WillApril 4, 2016 at 11:12 am -Great explanation. This issue is very confusing for many people! I have found that a good way to explain it is to start with a super simple loan a friend might give you:

“Here’s $1000. You owe me that money back plus 10% interest in 1 year”

Then analyze the difference when you start adding monthly payments, and consider why the interest goes down over time.

I made a video to try to explain it!

Colin RobertsonFebruary 28, 2016 at 9:09 pm -Scott,

It’s really personal preference, and there are certainly worse things one can do with their money. By paying extra, you’re more or less getting whatever the mortgage rate is as your return on investment. So if that money is better off paying down the mortgage as opposed to sitting in a savings account earning less than 1%, it can make sense. The downside is that a home is illiquid, so getting that money back can be more burdensome. Some folks like to pay as much as possible, some prefer to put their extra cash elsewhere because they think they can get a better return or they simply don’t want it all tied up in their home, and others pay a little extra to fall somewhere in between.

Scott TilgnerFebruary 28, 2016 at 4:42 pm -Colin,

What are your thoughts on paying extra into the principal on a mortgage?
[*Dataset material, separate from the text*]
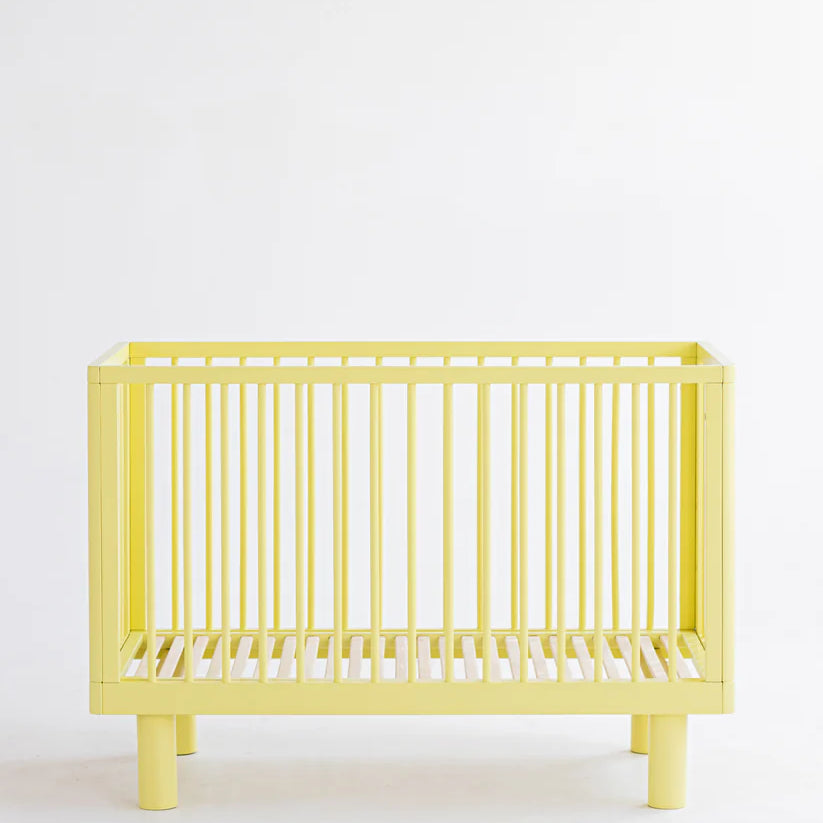 KARL & FRIC Ledikant Nox - Geel - 60x120cm image 0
I have no idea where my future will take me and my family, and I am only 2 years into my mortgage, however, I have been consistently putting in an additional 10-15% on each payment towards the principal as an investment. What are your thoughts on this? Thanks.

Colin RobertsonJanuary 19, 2016 at 6:13 pm -Michael,

If you get a new 30-year loan then your payments will go mostly to interest again as opposed to refinancing into say a new 20-year term or 15-year term to stay the course. The further in you are the less interest you’re paying each month because the outstanding balance is lower and payments are fixed (if it’s a FRM). If you get a new 30-year term that remaining debt is then spread out over another 30 years, which means even more interest.

Michael McKayJanuary 19, 2016 at 7:09 am -Hi Colin,

Thanks for the article! Very helpful! I have 22 years and 280,000 in principal left on my 30 year loan and I’m considering refinancing with a lower interest rate and with 22 years and 280,000. Would I be correct in thinking that I will pay less interest over the 22 years but might pay down less of my principal initially (due to returning to the interest dominant part of the amortisation process) than if I stayed with the current loan? I do have about $50,000 in savings which I’m going to add to the home loan either way. Does this have a greater impact if applied to a loan that is starting off as opposed to a loan that is 8 years in? Thank you for your insights!